#### Data extract

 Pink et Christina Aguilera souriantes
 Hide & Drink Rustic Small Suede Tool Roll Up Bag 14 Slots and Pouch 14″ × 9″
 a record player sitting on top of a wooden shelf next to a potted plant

########
#### Data extract

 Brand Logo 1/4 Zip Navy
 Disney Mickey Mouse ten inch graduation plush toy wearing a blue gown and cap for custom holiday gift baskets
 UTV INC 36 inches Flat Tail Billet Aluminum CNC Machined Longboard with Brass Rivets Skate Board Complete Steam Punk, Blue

########

• Task to complete: In the entries above, find the line holding "Pink et Christina Aguilera souriantes" and the line holding "a record player"; print both of them and every line between, exactly, and nothing else.

• Reply to the exercise:
 Pink et Christina Aguilera souriantes
 Hide & Drink Rustic Small Suede Tool Roll Up Bag 14 Slots and Pouch 14″ × 9″
 a record player sitting on top of a wooden shelf next to a potted plant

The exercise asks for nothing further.